Selena nodded, though she could not say she understood what An-Lan or her smoke and stones meant. They mean nothing, she thought but found herself holding her breath when the seer released the opal that was meant to answer the question about her wound. The bowl spun, the opal vanished, and a new smoky funnel rose up.

This time a rose, full-petaled and blooming, with a droplet of blood dripping from its single thorn appeared in the smoke.

“The Sacrifice. A tragic omen. I see a figure lying on the sand, wounded, bleeding. This person will die for you to set you free. That is all I see.”

“Ilior,” Selena whispered, icy dread clutching her heart.

“Perhaps it will be this Ilior. Perhaps not. It is not for you or I to say as we sit here now, comfortable and safe in my shop. When the time comes, you will know.”

An-Lan made to put the satchel of opals away, now diminished by four, and then stopped, confused. She cocked her head as though listening to something only she could hear. “Another stone,” she breathed. She looked up at Selena. “You are powerful, child, that a god, not your own, wishes to speak so much to you.”

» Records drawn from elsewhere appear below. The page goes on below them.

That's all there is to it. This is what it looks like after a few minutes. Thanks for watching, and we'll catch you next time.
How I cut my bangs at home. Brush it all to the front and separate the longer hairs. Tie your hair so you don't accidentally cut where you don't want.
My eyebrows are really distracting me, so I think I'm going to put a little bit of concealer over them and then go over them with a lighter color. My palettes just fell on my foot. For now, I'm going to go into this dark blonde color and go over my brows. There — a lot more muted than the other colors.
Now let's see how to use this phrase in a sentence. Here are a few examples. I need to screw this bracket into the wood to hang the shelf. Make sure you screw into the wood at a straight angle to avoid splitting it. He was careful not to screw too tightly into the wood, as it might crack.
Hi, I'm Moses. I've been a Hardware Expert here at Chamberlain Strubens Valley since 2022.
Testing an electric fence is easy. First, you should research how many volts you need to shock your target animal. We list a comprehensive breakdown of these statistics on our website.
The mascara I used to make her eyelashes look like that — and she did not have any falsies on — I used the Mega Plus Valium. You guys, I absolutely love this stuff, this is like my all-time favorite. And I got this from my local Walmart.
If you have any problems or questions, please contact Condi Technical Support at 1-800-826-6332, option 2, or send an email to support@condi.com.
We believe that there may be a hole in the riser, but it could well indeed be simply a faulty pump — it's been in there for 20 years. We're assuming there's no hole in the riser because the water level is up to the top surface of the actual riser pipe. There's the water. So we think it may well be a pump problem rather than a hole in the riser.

An-Lan tossed the opal into the spinning bowl and sucked in a breath as a new image resolved itself. Even without knowing its meaning, the image in the smoke frightened Selena in some deep part of her; the core of herself where the god’s wound truly began.

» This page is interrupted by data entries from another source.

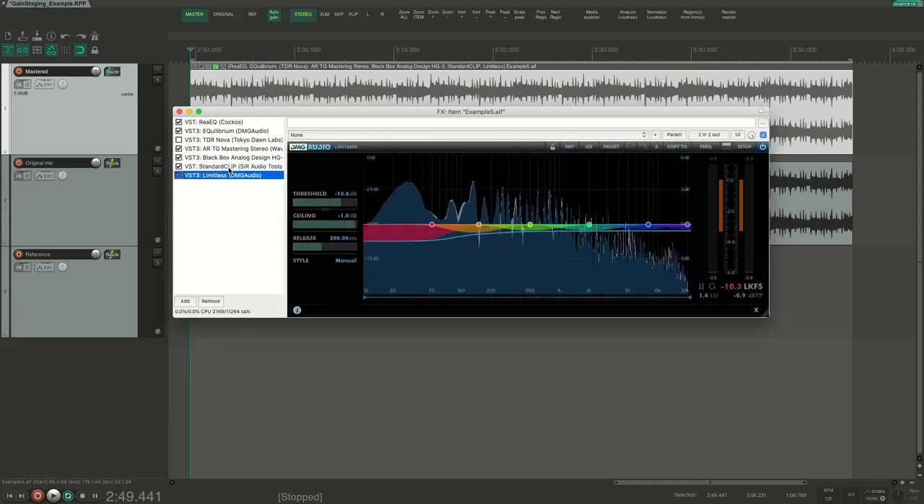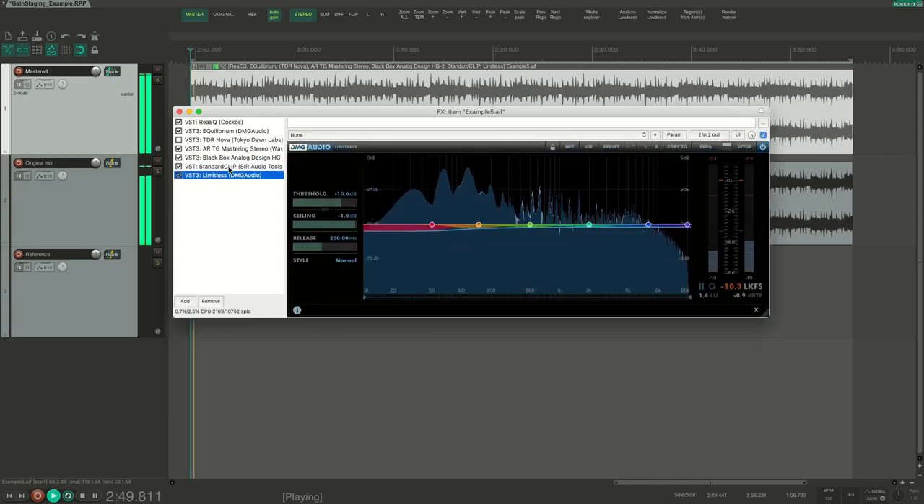Now we can see that the final limiter is working a bit more than before, but that sounds good. This way of working makes it much easier to decide what each processor should do, because every processor in the mastering chain should have a purpose — there should be something you want each plugin to do. Otherwise, just remove it.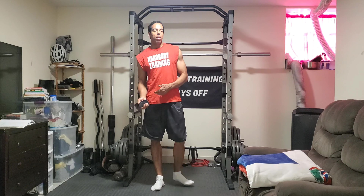Alright, so we're doing 30 seconds on, 30 seconds off. I think I'm going to make it harder and hold it at the bottom. So instead of holding the plank at the top, we're going to hold it at the bottom.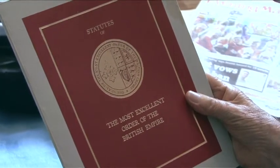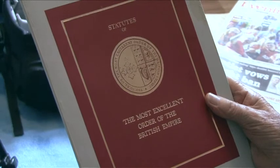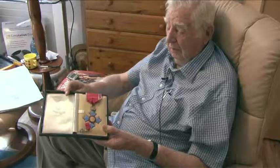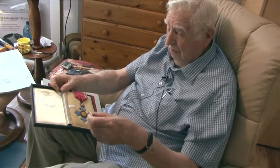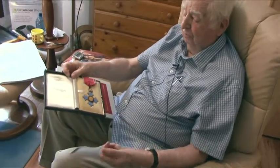The Commander of the British Empire - that's the one for going to parties.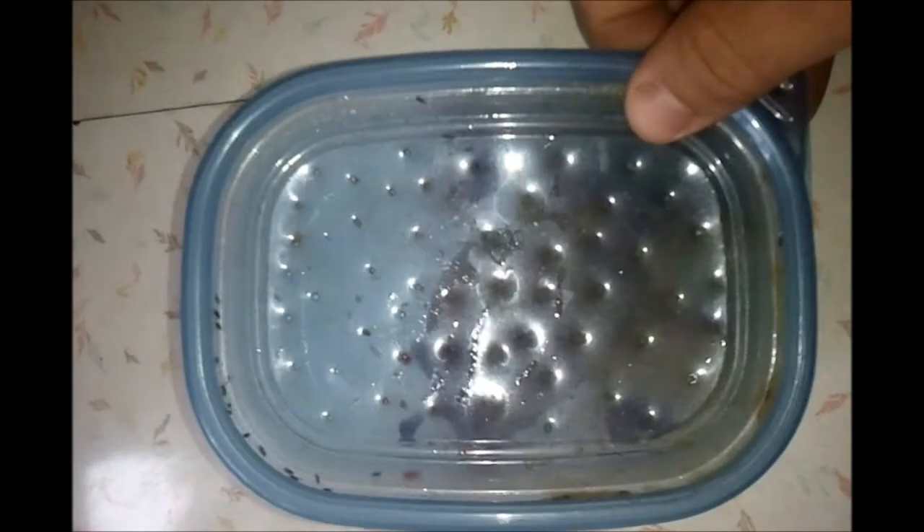All you got to do is take an old meat container — you get them at Walmart, just a leftover Tupperware container. Take a pencil and pop a bunch of holes in it. Not too big — you can see they're not very big, just the end of the pencil, just the lead.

Blackness. A deep well of impenetrable dark. A hole in the air in which all light died. Even as she stared, helpless to look away, Selena saw from her periphery the candles in the shop dim, their flames growing small until they were hardly more than a pale blue drop clinging to their wicks. The very light in the room seemed drawn to the circle of black, as if it were sucking it in. Selena’s heart thudded with familiar terror.

“My wound,” she breathed.

The seer raised her eyes to meet Selena’s. “This image is called Abyss. In all the readings I have ever done, I’ve never…” She stopped the bowl from spinning by pinching its lip with two fingers. The smoke dissipated. She swallowed and forced a smile. “Well. The god has answered. That is all I see.”

“But what does it mean?” Selena asked. “That question, of all of them, was the most—”

An-Lan held up a hand. “Say nothing to me of your questions. The god has spoken and the answer is silence. More than silence. The Abyss. It is where the gods go to die. Shaizan cannot help you and so then neither can I.”